Lawyers awarded $15 million in fees

Compiled from wire reports The Spokesman-Review

Denver Attorneys who helped shareholders win a $50 million settlement from Qwest Communications International are entitled to $15 million in fees, a judge ruled.

The settlement, reached in June, ended a class-action lawsuit alleging Qwest improperly avoided paying a $273 million quarterly dividend to investors who held shares of U S West before the companies merged in 2000.

The Association of U S West Retirees had objected to the 30 percent cut sought by the attorneys, but Denver District Judge John Coughlin said Tuesday the lawyers were entitled to it.

Coughlin said a 30 percent fee is customary in class-action suits. He said the attorneys had earned it because of the risk involved in the case and because they had pursued it for more than five years.

Law firms involved in the case included Lerach Coughlin Stoia Geller Rudman & Robbins of San Diego, Dyer & Shuman of Denver, Weiss & Lurie of Los Angeles and Milberg Weiss Bershad & Schulman of New York.
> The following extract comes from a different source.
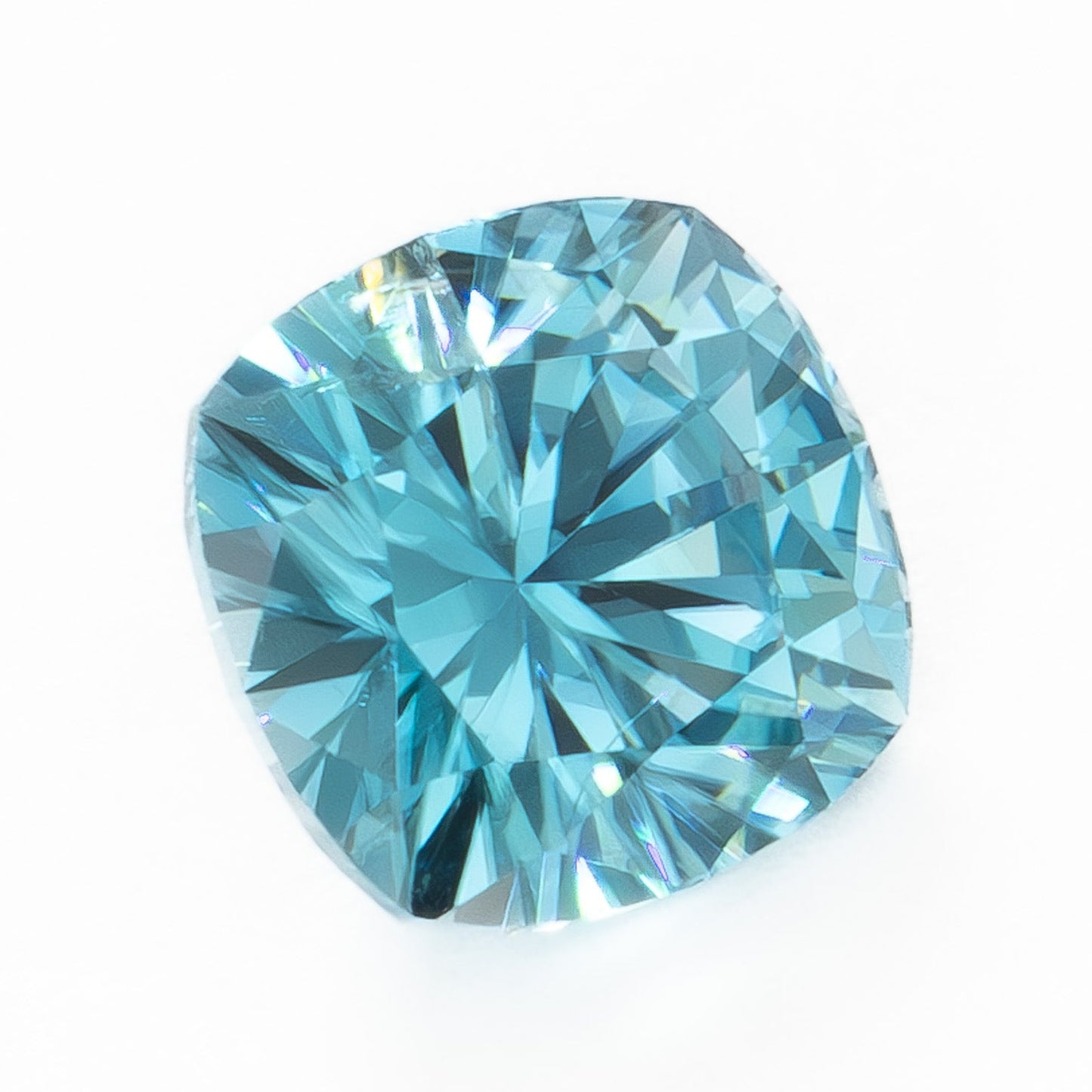 ZR0142 light blue cushion cut zircon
John Coughlin is not related to anyone at Lerach Coughlin.

Lerach Coughlin attorney Michael Dowd said the firms’ lawyers and paralegals logged nearly 16,000 hours on the case.

“If any case ever deserved a 30-percent fee award, it’s this case,” he said.
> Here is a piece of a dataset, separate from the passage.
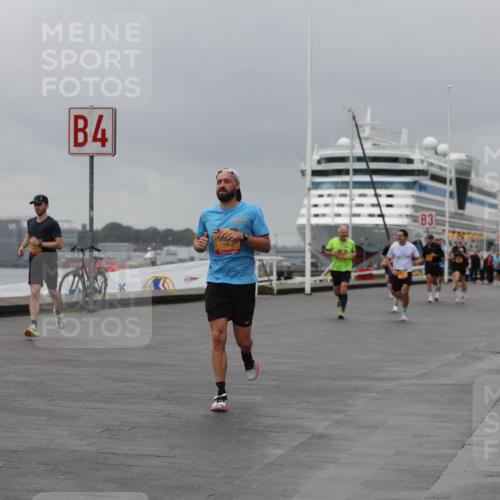 13.09.2026 - Kiel Lauf Andreas Tolksdorf http://msf.ph/oto/10476542 13.09.2026 11:49:26 Kiellinie 4, 3 meine-sportfotos.de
Court issues warrant to seize pirated films

New Delhi, India A Delhi court has heeded Hollywood’s request and issued a warrant that empowers police to search for and seize pirated films anywhere in the city, an aggressive maneuver in the copyright wars.

The type of court order involved, know as a general search and seizure warrant, is normally reserved for matters of national security, not copyright infringement, Indian lawyers said Wednesday.
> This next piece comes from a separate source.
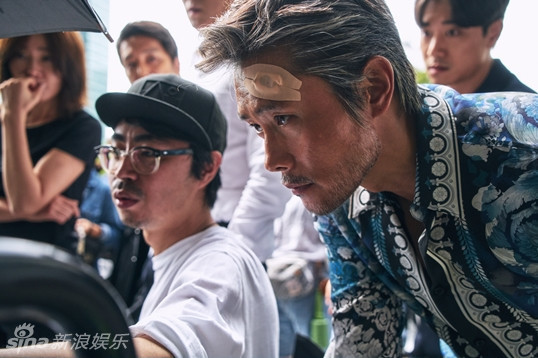 《Master》李秉宪姜栋元金宇彬专注拍摄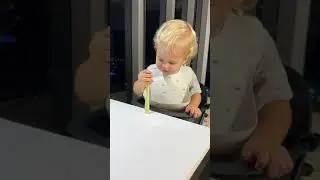 Голодный Малыш Дэвид ждет свою еду. Смешное детское видео!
The Motion Picture Association, the global arm of the Motion Picture Association of America, got a magistrate to issue such a warrant for the entire city on July 19 because of the scope of piracy and the police force’s difficulty in combating it, said Chander Lall, a lawyer for the group.

The MPA, based in Encino, Calif., initially tried to keep the warrant quiet in India for fear of tipping off those illegally selling pirated movies, Lall told The Associated Press.

MCI shareholders to vote on Verizon merger

McLean, Va. MCI Inc. shareholders will vote Oct. 6 on a proposed $8.5 billion acquisition by Verizon Communications Inc., as the two telecommunications companies seek to complete their deal by the end of the year, according to a filing Wednesday with the Securities and Exchange Commission.

The merger has been controversial with some MCI shareholders who believed the company should have accepted a $9.85 billion bid from Denver-based Qwest Communications International Inc. Qwest has since rescinded its offer.

Ashburn-based MCI’s board of directors accepted the lower offer from Verizon because they believed a merger with the larger Verizon would provide better long-term benefits.

Still, some MCI shareholders have said they will seek to vote down the merger. Deephaven Capital Management, a Minnesota-based hedge fund, has said that it would solicit proxy votes in opposition to the merger. A call to Deephaven, which owned less than 5 percent of MCI’s shares when it announced its intentions in June, was not immediately returned Wednesday.

MCI spokesman Peter Lucht declined to comment on the SEC filing.

The companies still need various federal and state regulatory approvals, and said in the SEC filing that they hope to close the acquisition late 2005 or early 2006.